Tradition of the Month: A House Divided

  1. Our common welfare should come first; personal recovery depends upon OA unity.

One hundred sixty years ago this June 16th, Abraham Lincoln delivered one of his best known speeches. It included this famous line:

“A house divided against itself cannot stand.”

In distilling the experience of thousands of groups across the world into twelve pithy traditions, Bill Wilson recognized that any organization that included human beings as members would find itself factionalized. That’s just how people are, and it’s especially true of addicts. In the chapter of the Big Book titled “How It Works,” we are told exactly this about ourselves. We are reminded that we seem to constantly try to wrest happiness and satisfaction from people, places, and things regardless and generally don’t care all that much about their welfare as long as we get ours. Why would a 12-Step group be different?

So the founders went to great lengths to create something new that didn’t look like most other human endeavors. For one thing, they called it a fellowship. Not an organization. The trouble with organizations is that they need leaders, officers, board members, all the usual trappings of authority. Leadership roles convey status, power intoxicates us and can divert us from our primary purpose. More important, our Higher Powers are the leaders of OA, not limited individuals like us.

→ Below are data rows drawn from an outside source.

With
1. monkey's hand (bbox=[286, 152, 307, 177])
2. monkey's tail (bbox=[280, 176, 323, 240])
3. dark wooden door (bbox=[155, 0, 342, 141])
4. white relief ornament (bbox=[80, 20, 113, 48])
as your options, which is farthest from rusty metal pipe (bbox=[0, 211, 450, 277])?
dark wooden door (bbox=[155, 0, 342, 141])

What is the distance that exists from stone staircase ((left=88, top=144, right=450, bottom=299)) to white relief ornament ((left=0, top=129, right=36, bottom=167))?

At every step, AA’s and OA’s founders sought ways to block the way toward infighting. Make it a fellowship. Let it be anarchic in nature. Place authority in God’s hands, not people’s hands. Let every member choose their own conception of God so that there can be no fighting about which is the “right” Higher Power. Invert the service structure so that local meetings are served by World Service rather than vise versa. Make the primary purpose altruistic and disallow outside enterprises and influences. Give every member the right to adopt whatever plan of eating works for them so that we avoid food-plan factionalism. All geared toward the combination of ego deflation and dependence on spirituality so that we don’t let our pesky opinions of how things should be run get in the way of others’ recovery.

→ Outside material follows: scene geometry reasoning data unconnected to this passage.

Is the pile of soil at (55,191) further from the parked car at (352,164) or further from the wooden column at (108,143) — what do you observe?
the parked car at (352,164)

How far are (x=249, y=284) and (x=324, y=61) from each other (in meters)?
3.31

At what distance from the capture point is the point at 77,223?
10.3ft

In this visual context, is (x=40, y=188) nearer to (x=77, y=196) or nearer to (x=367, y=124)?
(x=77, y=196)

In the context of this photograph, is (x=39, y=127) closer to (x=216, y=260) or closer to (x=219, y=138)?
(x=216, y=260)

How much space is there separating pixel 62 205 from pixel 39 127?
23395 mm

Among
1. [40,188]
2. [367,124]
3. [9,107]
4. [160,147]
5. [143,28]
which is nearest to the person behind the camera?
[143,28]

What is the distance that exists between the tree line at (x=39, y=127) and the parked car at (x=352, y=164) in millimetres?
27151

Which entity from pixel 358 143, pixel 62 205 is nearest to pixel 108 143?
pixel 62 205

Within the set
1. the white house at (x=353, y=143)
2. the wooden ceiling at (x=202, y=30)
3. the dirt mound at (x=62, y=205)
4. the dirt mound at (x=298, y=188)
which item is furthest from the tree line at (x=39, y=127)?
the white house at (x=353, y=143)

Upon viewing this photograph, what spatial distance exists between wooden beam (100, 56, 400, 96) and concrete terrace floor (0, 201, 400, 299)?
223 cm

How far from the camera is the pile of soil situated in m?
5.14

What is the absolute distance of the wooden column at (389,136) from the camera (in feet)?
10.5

It’s amazing sometimes that 12-Step groups have enough organization to even have a meeting each week, and yet that’s precisely how unity works in OA. The more rules there are, the more interpretations of the rules there are. The more interpretations there are, the more we argue, parse words, and find ourselves in opposition with our fellow sufferers. How does that help a newcomer?

In an important way, Tradition One parallels Step One. We might say that, “A mind divided against itself cannot stand itself.” Self-recriminiation seems to haunt all us compulsive eaters, and it easily overcomes our weak resistance to self-flagellation. Our best selves, unsupported by other sufferers and not yet connected to a Higher Power, can’t stand up to the onslaught of negativity that comes from the part of our brain controlled by our disease. So we eat to quiet the arguing inside, and we slowly slip further and further into the grip of addiction.

The more our addition overtakes our personality, the more unmanageable life becomes. Problems feel bigger and more intractable. We despair of ever returning to a life of normalcy let alone happiness. Friendships feel like obligations. As we observe these phenomena of unmanageability happening to us, we feel worse and worse. Eventually our metaphorical house can no longer stand, all because this disease leads us to think that we can’t stand ourselves.

Just as Tradition One helps us to bring a recovered sense of kindness, love, and tolerance to OA affairs, the Steps help us find compassion and redemption in our personal affairs. Just as Tradition One implores us to consider the welfare of the group instead of just our small selves, the Steps help us see that we’ve always been out for number one, even when we did things with good intentions. Then the program changes us so that we can practice selflessness and self-care.

Together we get better. If there is no fellowship, we will suffer and die alone and without hope. But when we seek OA unity, avoid petty infighting, resist gossiping about others’ recoveries, and find ways to bring our members together, we all have a chance at serenity, happiness, and a life second to none.